Stored records:
******
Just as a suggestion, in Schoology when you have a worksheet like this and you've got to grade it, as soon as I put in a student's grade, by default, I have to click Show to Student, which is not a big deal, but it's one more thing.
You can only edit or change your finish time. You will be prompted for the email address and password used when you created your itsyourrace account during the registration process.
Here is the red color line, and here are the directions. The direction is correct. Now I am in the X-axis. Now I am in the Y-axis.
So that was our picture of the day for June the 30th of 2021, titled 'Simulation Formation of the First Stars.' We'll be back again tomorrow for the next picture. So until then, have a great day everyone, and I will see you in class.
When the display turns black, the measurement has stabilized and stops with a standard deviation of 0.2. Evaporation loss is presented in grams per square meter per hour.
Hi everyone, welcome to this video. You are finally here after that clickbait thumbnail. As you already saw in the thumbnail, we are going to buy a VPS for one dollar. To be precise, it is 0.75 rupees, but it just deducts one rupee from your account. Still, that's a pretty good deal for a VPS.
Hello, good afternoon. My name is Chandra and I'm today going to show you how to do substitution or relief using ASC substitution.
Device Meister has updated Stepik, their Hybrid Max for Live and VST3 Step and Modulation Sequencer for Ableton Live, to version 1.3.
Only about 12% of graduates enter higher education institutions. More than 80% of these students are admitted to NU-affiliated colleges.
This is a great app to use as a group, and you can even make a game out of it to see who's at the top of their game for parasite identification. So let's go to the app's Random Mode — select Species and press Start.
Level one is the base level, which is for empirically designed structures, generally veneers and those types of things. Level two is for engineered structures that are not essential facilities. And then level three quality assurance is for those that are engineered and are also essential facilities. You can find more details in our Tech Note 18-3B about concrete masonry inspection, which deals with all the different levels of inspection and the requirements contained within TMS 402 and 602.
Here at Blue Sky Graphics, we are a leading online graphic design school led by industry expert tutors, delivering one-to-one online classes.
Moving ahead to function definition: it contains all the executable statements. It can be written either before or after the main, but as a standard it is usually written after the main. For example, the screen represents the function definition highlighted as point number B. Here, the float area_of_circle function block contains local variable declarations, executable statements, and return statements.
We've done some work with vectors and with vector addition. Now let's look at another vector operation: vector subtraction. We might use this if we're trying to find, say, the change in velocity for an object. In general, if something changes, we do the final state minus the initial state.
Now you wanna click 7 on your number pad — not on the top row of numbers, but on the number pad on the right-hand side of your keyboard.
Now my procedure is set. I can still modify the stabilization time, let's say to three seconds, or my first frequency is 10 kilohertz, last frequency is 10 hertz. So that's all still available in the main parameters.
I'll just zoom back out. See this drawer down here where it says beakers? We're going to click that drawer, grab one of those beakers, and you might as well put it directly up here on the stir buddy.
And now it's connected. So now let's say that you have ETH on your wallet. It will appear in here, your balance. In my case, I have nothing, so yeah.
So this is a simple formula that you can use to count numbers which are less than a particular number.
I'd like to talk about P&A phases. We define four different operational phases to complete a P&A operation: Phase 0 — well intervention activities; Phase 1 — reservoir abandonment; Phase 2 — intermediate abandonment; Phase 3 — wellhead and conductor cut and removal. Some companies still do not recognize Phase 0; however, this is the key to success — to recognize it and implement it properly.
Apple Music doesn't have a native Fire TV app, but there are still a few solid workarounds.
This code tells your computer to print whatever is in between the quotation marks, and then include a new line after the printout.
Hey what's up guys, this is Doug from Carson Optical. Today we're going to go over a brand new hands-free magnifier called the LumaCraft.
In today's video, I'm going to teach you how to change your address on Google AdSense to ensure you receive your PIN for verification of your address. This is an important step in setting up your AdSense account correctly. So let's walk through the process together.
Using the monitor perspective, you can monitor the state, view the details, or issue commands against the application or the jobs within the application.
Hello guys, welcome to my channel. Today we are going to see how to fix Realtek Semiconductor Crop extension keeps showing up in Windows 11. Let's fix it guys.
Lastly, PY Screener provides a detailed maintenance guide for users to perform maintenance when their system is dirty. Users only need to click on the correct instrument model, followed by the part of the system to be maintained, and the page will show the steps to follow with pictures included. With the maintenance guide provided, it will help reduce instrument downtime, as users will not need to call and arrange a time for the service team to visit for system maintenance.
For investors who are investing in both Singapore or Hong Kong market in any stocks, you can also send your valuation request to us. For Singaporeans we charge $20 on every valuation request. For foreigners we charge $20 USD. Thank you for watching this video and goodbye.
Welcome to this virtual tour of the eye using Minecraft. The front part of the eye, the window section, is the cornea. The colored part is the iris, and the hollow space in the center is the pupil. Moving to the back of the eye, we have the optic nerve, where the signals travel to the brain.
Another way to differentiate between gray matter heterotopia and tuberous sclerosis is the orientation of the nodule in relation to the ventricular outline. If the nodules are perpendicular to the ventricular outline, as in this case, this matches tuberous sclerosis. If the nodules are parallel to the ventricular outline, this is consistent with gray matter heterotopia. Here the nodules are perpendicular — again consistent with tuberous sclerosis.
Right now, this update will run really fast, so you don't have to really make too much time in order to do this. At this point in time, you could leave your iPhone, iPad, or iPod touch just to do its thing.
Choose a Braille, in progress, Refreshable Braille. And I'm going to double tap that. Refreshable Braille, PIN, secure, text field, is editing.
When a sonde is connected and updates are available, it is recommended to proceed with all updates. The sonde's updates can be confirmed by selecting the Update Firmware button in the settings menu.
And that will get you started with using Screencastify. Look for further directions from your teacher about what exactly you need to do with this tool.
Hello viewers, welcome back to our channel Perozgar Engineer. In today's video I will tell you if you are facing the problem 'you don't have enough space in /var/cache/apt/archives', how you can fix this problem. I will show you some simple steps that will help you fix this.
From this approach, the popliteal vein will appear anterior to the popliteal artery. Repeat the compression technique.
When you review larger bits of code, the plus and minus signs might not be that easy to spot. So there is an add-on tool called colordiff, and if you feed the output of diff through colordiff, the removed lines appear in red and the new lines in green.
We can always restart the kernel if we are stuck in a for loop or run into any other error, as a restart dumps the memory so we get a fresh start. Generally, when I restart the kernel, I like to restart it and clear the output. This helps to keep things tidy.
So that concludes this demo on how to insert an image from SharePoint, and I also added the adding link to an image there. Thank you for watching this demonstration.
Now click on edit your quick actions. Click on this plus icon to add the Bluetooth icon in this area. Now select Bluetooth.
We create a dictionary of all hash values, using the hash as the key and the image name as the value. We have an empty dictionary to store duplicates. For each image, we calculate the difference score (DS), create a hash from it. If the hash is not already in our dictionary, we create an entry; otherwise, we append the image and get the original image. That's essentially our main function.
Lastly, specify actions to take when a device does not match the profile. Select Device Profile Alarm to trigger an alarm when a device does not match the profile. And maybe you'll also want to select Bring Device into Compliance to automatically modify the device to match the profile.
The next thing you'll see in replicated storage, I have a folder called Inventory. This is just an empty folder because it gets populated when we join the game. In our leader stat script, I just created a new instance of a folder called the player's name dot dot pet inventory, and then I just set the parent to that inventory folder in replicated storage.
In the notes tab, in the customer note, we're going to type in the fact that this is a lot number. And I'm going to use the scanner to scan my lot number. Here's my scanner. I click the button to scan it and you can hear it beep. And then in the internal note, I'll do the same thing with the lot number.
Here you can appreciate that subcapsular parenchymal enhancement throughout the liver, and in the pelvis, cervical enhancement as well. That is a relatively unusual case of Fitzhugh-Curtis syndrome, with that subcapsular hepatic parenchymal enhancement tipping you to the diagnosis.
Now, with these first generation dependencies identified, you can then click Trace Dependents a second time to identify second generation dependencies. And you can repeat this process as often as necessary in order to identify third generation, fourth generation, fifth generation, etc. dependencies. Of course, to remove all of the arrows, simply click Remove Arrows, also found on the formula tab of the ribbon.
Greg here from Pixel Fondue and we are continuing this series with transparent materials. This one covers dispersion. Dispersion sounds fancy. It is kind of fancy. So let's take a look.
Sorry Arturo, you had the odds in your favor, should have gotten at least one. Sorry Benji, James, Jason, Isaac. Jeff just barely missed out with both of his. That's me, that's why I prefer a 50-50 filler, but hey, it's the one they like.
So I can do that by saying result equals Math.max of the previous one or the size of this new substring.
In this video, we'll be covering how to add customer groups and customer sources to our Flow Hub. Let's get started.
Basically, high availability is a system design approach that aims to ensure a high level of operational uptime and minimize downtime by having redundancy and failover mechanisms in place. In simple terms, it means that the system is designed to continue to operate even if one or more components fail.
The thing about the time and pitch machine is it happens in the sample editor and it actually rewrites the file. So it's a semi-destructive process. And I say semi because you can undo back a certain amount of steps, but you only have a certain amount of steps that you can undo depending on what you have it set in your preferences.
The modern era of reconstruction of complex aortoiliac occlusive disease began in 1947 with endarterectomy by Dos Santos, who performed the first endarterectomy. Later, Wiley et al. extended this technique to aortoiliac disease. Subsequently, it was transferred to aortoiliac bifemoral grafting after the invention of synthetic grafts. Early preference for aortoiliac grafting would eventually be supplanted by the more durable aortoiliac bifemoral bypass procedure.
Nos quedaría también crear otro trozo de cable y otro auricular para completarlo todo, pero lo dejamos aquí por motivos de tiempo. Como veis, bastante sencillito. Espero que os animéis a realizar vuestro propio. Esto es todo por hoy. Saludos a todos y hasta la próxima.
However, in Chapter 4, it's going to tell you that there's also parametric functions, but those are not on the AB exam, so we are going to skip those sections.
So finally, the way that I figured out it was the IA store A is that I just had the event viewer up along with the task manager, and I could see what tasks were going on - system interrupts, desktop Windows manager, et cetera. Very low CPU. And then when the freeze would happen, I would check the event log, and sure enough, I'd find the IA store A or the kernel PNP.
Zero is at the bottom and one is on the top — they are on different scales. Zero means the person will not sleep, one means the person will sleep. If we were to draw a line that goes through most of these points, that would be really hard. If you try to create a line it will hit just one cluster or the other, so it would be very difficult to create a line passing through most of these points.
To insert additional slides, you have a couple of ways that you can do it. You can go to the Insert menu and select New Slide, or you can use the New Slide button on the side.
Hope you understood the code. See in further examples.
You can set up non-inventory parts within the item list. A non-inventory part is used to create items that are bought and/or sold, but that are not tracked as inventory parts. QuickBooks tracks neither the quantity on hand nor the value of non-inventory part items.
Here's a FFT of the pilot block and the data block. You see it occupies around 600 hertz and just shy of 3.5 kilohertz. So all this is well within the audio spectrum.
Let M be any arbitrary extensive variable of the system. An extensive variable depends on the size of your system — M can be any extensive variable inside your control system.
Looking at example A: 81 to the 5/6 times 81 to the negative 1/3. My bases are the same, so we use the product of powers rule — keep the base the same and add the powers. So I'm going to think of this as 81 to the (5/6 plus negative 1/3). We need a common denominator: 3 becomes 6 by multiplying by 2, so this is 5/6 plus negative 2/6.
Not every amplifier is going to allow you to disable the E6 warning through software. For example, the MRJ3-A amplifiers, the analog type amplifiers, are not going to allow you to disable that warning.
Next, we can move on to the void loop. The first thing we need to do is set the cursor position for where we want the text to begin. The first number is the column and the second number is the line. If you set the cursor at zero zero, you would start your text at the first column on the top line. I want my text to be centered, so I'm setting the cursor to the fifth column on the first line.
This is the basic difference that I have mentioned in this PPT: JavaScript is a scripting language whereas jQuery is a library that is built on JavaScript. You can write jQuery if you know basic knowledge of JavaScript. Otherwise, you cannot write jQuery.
******
**YOUR GOAL**
Which lines of the records above hold the word "Hello"? Copy each one out.

**RESPONSE BOX**
Hello, good afternoon. My name is Chandra and I'm today going to show you how to do substitution or relief using ASC substitution.
Hello guys, welcome to my channel. Today we are going to see how to fix Realtek Semiconductor Crop extension keeps showing up in Windows 11. Let's fix it guys.
Hello viewers, welcome back to our channel Perozgar Engineer. In today's video I will tell you if you are facing the problem 'you don't have enough space in /var/cache/apt/archives', how you can fix this problem. I will show you some simple steps that will help you fix this.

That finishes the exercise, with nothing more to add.